As we get older and become strapped with more responsibilities it becomes natural to run your life in a habit of, “alright, what’s next?” The worst thing is that it all feels vital. Maybe afterwards you won’t admit it, but when you’re checking the stat line of your favorite football team or reading celebrity gossip it really does feel like something you need to know.
This can partially be attributed to a cognitive bias called the consistency bias. You grow comfortable with the rituals and routines you go through regularly thus developing an imagined importance or a sort of loyalty. When I turn on my computer, it is essentially a reflex to go through the same routine: E-mail, Facebook, ESPN. There is no need for it, but I’ve developed a habit out of it that I’ve grown comfortable with, so it continues. But, this only delays accomplishing actually valuable task and gives you more to think about in the process.
When you slow yourself down and quiet your mind the advantages start immediately. You can gain a clear view of what actually needs to be done right now, you are able to evaluate what can wait, and you can assess the best way to move forward instead of operating in flurries of random activities. Whether you practice a tried form of meditation or just make an attempt to act in a mindful manner, the advantages are definite. In her book Train Your Mind Change Your Brain Sharon Begley writes, “through introspection and other techniques, the mind tries to free itself of afflictive tendencies such as hatred and jealousy and develop wholesome tendencies such as the power of attention and the capacity for compassion.”
Begley goes on to identify a specific Buddhist practice called shamatha of which the goals are to, “quiet the noise that bedevils the untrained mind, in which one’s focus darts from one sight or sound or thought to another like a hyperactive dragonfly, and replace it with attentional stability and clarity.” We don’t often think about how the things we do affect our brain, but we probably should. We can actually train our brain to operate more efficiently through mental exercise and consistently practicing productive habits.

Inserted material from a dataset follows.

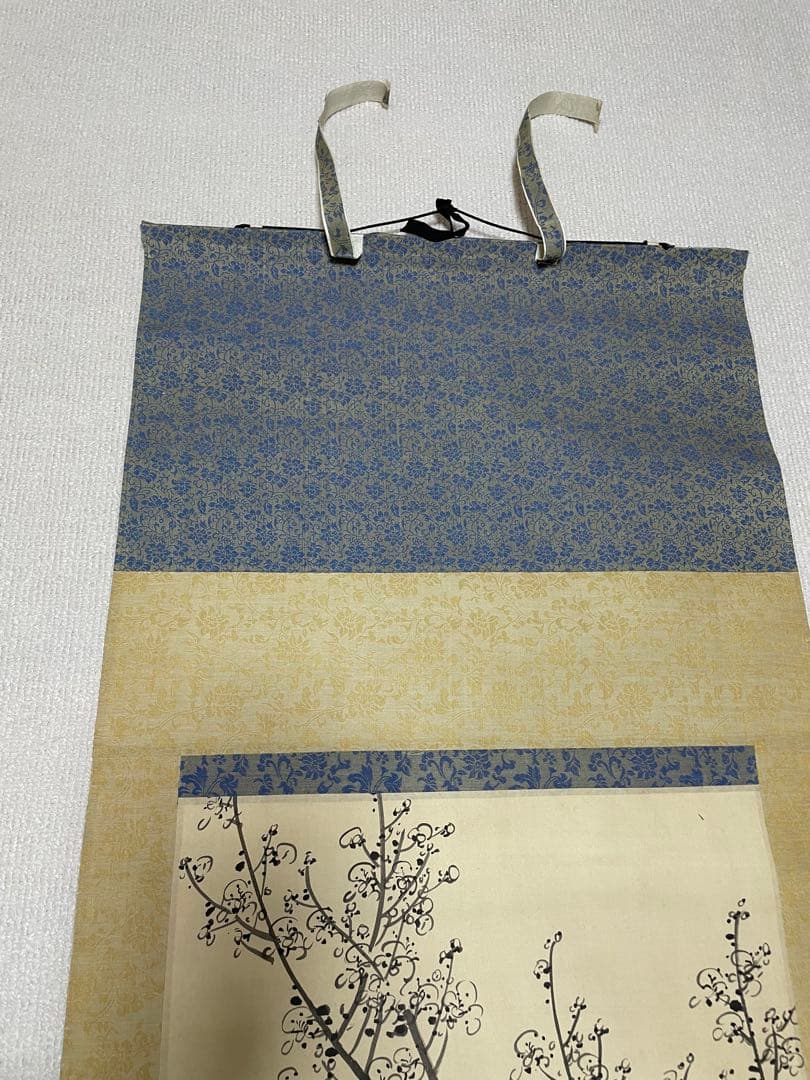 墨梅図 掛軸 古美術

This was not the first time I practiced some form of relaxation, meditation, or introspection, and it definitely won’t be the last. But, there was something that I did that will change the way I approach the practice in the future. In the past I would carry out these practices somewhat sporadically. If I found myself with some extra time and didn’t have to worry about where I was going, I would take time for meditation. By acting in this way the practice just became one more spurious activity I tried to fit into the day.
The small adjustment I’ve made as of late is to reserve blocks of time, even if they’re not so long, for silence and exercising my mind. I have found that less time on a regular schedule has been better than longer periods at random. By utilizing a schedule, I am making the practice more of a discipline and exercising my attention to detail in the same stroke.

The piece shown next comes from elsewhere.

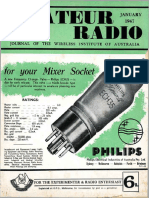 Vu2cw Vintage Mention in Amateur-radio-Au-1947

Once I finished my stretch of silence I got up and took care of each of the things I’d thought of doing, with the exception of Facebook and ESPN.com. I laid down to sleep with my book light illuminating the pages of Kurt Vonnegut’s A Man Without a Country. The cicadas remained humming as loud as ever, but the sound was now more of a lullaby. I finished the last quarter of the book, thanked Mr. Vonnegut for his efforts, and went to sleep. Same time tonight.